It is known that, when fabricating large scale integrated circuits, in particular when producing the individual wiring planes (e.g., the polysilicon layer or aluminum layer), defects and consequently faults may occur which may cast doubt on the operation of circuits of this type or lead to premature failure.
In order to be able to make a somewhat reliable prediction in this case, test structures in the form of geometric configurations have been developed. It is possible to use the test structures to reliably detect defects within a large area. The bonding pad configurations of customary standard chips are used in order to make contact for test purposes. The test structures are fabricated in small numbers on test chips in parallel with actual production and are then subjected to corresponding test procedures. It has proven to be favorable in this case if the test chips are arranged simultaneously with the actual chips to be produced on the same wafer and thus pass through the same production process.
“Square” test structures in the form of a three dimensional or two dimensional matrix are examples of test structures of this type with the result that it is also possible in principle to detect faults in vertical structures (vias). In particular, testing of the electrical loadability of the vias between the metal planes is particularly important in this case during product or technology qualification. Special acceleration methods can then be used to make a statement on the maximum current-carrying capacity or dielectric strength, while indicating a maximum lifetime and operation temperature.
In order to achieve this, in the case of “downstream” or “upstream” structures, that is to say vias having a corresponding current direction, the respectively critical junction (via to metal track) should be realized with minimal overlap. This is generally the region of the landing pad, that is to say, in the case of real chips, the contact area between two metal planes, on which one or more vias are positioned. The “worst case” can thus be simulated in a test structure, that is to say the worst case is assumed when arranging the contacts and the selected overlap in the test structure for testing.

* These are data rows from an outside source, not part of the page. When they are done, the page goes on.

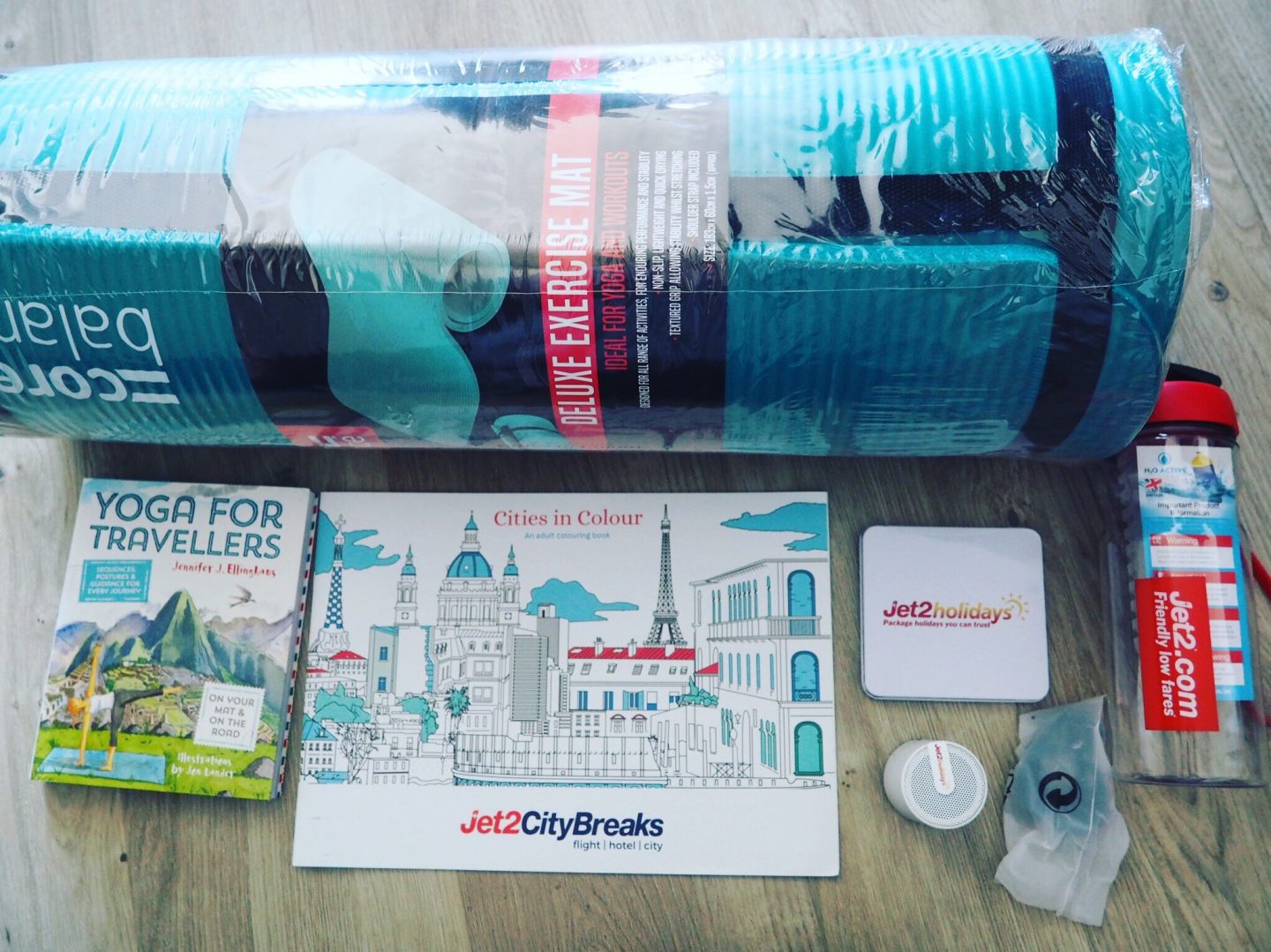 Jet2-Yoga-Kit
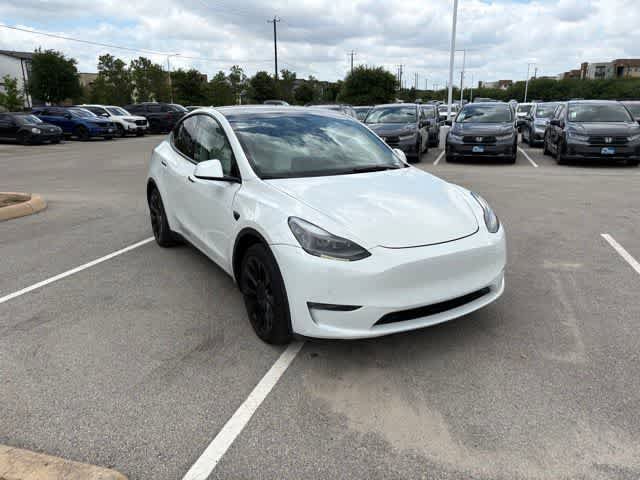 Used 2024 Tesla Model Y Long Range AWD/4WD image 7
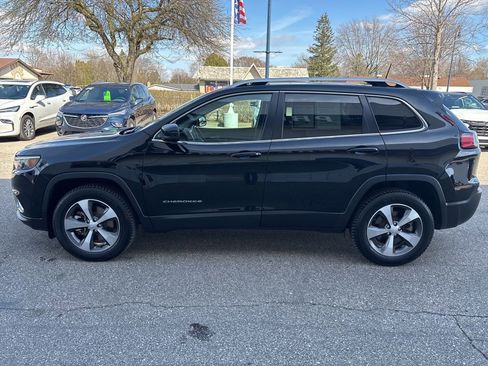 Used 2021 Jeep Cherokee Limited image 8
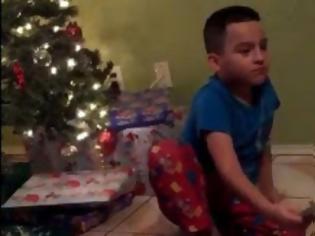 Φωτογραφία για Απίστευτο! Δείτε πώς κάνει αυτό το παιδάκι όταν βλέπει πως ο Άγιος Βασίλης δεν του έφερε το δώρο που ήθελε... [video]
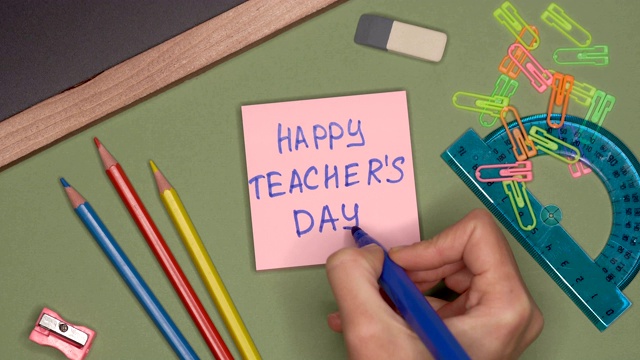 学校的概念。女士们在记事本上手写“教师节快乐”视频下载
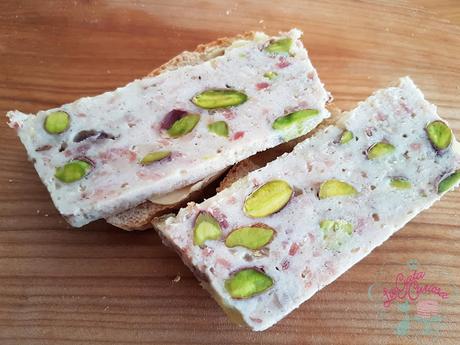 FIAMBRE DE POLLO Y BACON CON PISTACHOS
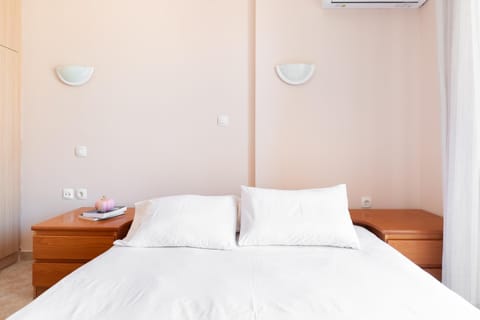 Bed, Bedroom, internet, air conditioner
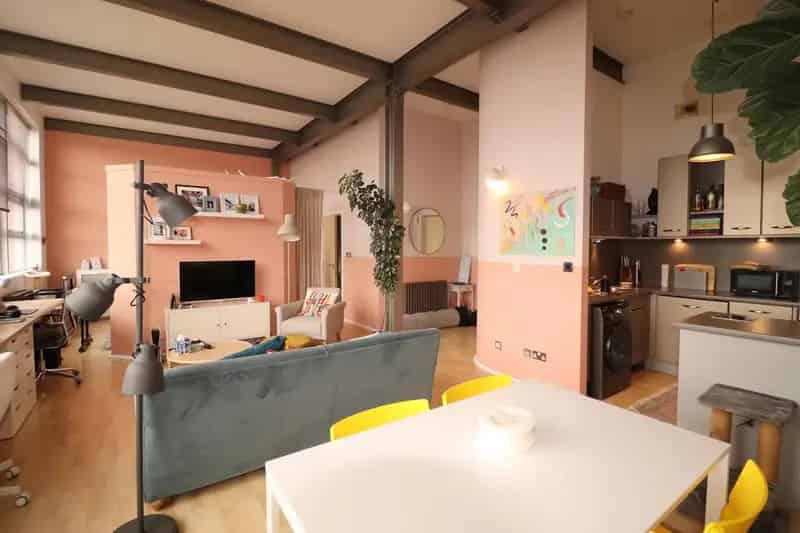 Studio to Rent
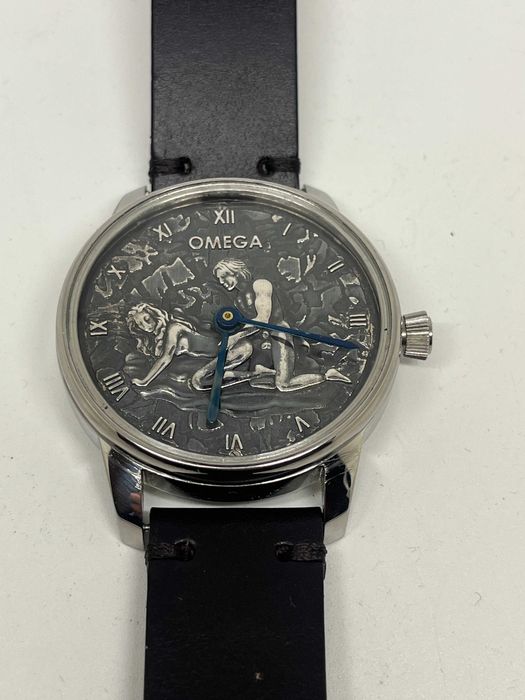 Ексклюзивний годинник Omega із срібним циферблатом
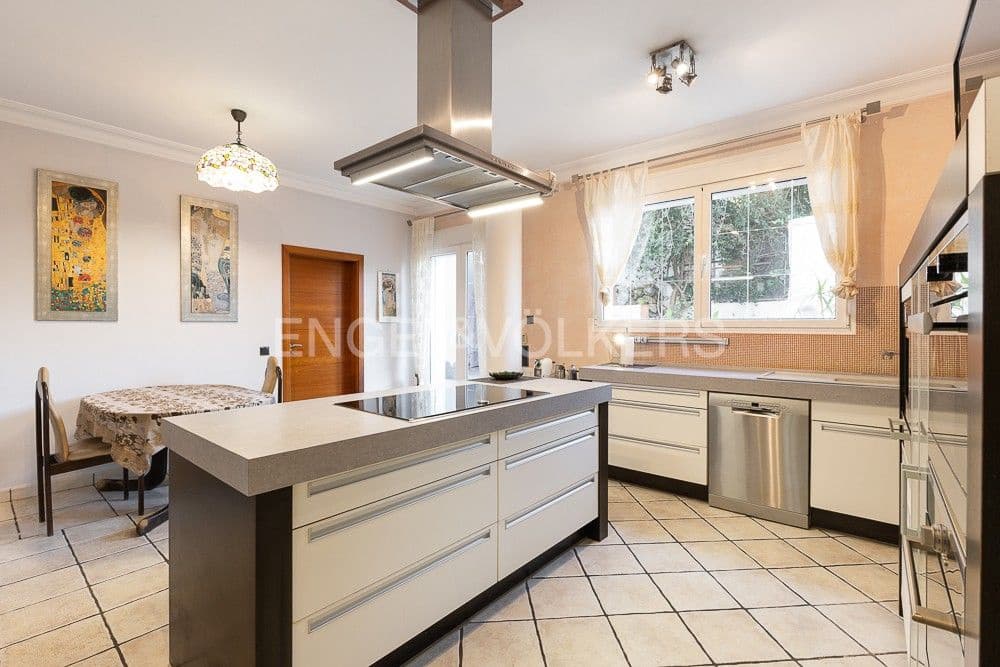 5 sypialnia Willa na sprzedaż w Carcaixent z garażem - 449 000 € (Ref: 9080334)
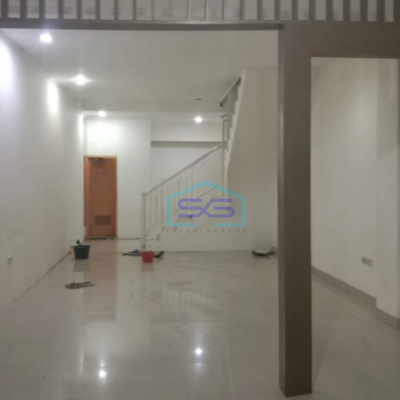 Disewakan Ruko 2 Lantai Luas Bangunan 210 m²  di Bandung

It is not possible, however, in the test structures, which have been disclosed hitherto, to simulate cases of very high to maximum coverage density. In this case, the problem resides in the fact that process-dictated uncontrolled expansion which results in a distinct projection may occur in the region of the landing pad during fabrication of the uppermost interconnect. The expansion occurs during the exposure and development of the photoresist (resist) and the subsequent patterning of the interconnect and is therefore dictated by the process. Test structures of this type may be used to cover only some of the requisite tests which cannot, however, reliably simulate the critical case at any time but only reflect considerably more relaxed conditions than in product design.